Boing Boing has a mention of an organization that takes inner-city kids on trips to rural areas, the Fresh Air Fund.
Their charter is basically to arrange to send low-income New York City kids out of the city for the summer to get a breath of fresh air and experience the country: free summer vacations for kids who might never have left the city in their lives.What I would like to know is, where is its counterpart: a program to take coddled suburban kids for a stint in the city? In New York, I was fascinated watching the kids on the street; multiracial bunches, shouting and laughing in Spanglish, running down the sidewalk to buy shaved ice after school. Crossing busy streets, hopping onto trains with the quickest glance at the schedule. Utterly undisturbed by Unpleasant Odors, or People Who Look Different Than Me.
Certainly, impoverished kids--in any environment--can lack experiences that middle-income children take for granted. But the accusatory name, "The Fresh Air Fund", is a relic of the Victorian era of its creation (1877), whose moral leaders adhered to a simplistic "city/public bad, country/domestic good" dichotomy. This questionable world-view has been woven into the very fabric of our society, into the sprawling mini-manor houses of our suburbs, in air-tight zoning regulations which strictly separate the commercial from the residential and treat density like plague.

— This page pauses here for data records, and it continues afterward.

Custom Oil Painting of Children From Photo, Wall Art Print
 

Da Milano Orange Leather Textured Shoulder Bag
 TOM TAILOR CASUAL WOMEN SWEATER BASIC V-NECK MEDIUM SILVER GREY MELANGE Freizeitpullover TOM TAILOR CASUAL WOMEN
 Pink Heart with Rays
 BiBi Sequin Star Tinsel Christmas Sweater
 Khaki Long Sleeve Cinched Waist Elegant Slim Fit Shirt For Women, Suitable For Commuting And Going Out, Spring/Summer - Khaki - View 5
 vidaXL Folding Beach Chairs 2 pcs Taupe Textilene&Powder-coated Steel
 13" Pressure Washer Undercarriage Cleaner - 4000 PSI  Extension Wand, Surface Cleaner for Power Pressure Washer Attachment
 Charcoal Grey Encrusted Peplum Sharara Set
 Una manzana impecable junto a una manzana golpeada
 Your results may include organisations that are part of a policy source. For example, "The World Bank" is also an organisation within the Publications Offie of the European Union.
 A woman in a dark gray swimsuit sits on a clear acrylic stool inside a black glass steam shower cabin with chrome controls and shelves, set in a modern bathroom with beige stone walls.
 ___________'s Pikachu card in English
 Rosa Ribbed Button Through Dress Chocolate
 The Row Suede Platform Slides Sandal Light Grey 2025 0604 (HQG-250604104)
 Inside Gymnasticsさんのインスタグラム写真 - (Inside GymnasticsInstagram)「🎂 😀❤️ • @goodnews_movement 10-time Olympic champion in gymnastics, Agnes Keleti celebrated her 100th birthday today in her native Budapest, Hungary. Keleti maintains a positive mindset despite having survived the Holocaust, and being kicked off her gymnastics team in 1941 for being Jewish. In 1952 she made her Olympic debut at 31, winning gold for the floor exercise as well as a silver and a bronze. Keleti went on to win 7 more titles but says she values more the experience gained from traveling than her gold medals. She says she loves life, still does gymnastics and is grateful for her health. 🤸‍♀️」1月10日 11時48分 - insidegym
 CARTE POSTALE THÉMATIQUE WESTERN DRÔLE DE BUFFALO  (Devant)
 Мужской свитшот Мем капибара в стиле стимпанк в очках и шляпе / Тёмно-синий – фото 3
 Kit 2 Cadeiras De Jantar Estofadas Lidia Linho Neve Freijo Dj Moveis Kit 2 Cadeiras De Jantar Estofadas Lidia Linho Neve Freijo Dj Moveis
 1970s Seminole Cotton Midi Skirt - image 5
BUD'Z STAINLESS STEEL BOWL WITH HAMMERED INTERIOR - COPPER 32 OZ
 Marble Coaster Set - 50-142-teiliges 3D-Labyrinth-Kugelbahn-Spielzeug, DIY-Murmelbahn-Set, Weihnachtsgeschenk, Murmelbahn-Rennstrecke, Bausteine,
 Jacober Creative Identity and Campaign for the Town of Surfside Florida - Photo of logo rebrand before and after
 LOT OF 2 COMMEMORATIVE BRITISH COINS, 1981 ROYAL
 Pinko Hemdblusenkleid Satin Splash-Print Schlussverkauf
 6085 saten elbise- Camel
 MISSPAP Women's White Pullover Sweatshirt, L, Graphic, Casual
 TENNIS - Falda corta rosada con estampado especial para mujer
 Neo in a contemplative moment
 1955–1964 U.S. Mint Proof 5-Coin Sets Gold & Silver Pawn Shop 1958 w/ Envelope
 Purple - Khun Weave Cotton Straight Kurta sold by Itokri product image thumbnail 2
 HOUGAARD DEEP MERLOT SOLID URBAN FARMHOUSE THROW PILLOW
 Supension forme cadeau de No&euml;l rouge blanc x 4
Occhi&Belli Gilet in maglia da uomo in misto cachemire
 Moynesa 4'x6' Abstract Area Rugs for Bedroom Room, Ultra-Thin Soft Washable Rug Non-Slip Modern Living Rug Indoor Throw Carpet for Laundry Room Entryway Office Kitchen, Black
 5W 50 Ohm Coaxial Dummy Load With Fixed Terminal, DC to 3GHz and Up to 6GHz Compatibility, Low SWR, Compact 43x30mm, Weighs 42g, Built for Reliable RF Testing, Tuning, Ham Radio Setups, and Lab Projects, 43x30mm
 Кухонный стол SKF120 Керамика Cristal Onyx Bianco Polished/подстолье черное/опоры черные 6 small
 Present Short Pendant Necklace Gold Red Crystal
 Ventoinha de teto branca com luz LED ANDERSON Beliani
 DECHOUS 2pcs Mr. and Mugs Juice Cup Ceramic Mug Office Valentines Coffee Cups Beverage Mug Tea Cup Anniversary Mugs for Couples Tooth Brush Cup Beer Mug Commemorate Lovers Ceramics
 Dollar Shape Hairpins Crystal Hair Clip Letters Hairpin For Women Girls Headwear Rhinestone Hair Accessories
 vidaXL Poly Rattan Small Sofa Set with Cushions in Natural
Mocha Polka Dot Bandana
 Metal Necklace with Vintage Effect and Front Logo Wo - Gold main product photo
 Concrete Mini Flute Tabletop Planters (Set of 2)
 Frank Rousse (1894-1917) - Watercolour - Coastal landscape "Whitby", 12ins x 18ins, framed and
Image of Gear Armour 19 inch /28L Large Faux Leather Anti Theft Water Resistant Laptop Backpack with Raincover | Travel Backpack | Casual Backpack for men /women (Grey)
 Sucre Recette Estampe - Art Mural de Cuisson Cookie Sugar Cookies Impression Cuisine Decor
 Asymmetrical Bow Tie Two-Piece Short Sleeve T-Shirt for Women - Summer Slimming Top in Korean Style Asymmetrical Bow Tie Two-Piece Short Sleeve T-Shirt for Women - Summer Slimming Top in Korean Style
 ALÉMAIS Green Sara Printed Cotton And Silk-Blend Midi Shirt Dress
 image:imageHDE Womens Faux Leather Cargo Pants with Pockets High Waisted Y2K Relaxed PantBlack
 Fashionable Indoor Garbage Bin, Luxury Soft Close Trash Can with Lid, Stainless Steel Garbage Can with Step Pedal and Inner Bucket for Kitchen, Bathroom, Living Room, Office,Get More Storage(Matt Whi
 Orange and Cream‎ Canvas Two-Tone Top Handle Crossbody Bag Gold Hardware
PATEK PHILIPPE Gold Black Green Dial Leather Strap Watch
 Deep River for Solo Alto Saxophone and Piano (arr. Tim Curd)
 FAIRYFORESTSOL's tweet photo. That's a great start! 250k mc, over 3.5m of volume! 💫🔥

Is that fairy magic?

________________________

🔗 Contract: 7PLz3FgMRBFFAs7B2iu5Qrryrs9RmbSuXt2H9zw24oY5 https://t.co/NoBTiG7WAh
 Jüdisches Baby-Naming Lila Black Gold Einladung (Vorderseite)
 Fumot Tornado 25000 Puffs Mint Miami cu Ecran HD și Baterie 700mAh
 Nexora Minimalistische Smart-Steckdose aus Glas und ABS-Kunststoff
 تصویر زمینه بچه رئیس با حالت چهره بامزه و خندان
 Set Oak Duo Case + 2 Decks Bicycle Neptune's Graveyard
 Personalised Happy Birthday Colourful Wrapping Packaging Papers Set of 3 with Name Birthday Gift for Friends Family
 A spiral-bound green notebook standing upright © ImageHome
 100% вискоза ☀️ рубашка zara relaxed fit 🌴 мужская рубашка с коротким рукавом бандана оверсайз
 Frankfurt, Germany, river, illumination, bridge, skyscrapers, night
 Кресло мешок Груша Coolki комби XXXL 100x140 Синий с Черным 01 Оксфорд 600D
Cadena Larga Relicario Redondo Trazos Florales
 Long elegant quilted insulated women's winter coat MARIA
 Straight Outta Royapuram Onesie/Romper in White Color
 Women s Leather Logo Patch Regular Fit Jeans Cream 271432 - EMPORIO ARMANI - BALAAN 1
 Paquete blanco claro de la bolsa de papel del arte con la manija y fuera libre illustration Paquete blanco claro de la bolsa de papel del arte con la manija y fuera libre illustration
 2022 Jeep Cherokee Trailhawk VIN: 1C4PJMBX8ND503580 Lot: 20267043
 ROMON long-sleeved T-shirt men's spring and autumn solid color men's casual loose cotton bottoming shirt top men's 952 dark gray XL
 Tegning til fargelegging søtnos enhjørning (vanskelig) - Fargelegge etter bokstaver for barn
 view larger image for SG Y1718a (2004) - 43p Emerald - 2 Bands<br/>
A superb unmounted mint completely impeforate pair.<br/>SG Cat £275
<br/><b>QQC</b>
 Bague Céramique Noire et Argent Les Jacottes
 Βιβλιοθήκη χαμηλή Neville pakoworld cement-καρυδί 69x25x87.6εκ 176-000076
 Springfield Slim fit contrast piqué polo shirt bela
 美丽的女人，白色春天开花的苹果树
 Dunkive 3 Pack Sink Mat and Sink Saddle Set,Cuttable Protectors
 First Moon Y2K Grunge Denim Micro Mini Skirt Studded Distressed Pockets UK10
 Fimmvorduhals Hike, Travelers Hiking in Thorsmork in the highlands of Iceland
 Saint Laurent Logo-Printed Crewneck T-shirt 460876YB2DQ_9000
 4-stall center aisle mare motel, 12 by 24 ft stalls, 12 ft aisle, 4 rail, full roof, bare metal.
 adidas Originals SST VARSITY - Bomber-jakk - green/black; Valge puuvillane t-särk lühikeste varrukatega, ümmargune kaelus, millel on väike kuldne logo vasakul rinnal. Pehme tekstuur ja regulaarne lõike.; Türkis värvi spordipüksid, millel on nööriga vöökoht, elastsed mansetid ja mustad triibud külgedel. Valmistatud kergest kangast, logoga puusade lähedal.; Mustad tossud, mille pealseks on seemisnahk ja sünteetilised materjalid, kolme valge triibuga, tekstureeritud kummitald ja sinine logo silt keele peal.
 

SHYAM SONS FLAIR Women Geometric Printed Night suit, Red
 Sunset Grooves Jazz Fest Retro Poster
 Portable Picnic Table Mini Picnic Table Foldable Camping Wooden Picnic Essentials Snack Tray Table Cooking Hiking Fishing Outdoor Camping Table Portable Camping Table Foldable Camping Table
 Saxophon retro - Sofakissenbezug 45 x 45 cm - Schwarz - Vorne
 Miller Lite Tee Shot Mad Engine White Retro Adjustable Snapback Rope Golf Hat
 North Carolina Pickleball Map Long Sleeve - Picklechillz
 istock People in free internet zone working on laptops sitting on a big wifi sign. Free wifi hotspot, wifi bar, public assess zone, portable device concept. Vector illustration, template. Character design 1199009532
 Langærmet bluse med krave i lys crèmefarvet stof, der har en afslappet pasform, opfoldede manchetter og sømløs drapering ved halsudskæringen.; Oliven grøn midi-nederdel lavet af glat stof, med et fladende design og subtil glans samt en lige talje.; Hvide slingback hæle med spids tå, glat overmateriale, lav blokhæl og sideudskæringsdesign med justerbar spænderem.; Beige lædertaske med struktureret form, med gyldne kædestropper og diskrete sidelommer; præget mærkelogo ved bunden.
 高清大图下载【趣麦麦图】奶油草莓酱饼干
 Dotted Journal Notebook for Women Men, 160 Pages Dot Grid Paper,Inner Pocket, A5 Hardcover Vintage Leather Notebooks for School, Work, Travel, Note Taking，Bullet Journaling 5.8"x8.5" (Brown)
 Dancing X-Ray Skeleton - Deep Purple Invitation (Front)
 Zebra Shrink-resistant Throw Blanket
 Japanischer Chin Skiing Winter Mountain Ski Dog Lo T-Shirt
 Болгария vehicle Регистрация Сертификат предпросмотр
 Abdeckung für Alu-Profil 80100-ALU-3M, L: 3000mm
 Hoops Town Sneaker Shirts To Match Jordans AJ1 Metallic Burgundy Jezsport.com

The very term "inner-city kid" is enough to garner pained looks from most members of my mother's generation. Yet I saw kids bathed in the sights and sounds and smells of all cultures, all income levels; the stunning diversity of human experience. Brushing the city's dirt off their hands to share a churro, their laughter rising over cab horns and passing trains. Kids scrambling down subway stairs at rush-hour, confident and content in a crowd of strangers. I looked at them and thought, this. I would give this to my children.
1 comments:
the book ¨pictures of innocence¨is not about suburban/urban life, but it IS about childhood and the artificial creation of innocence which happened, roughly, with the victorians. it´s fascinating.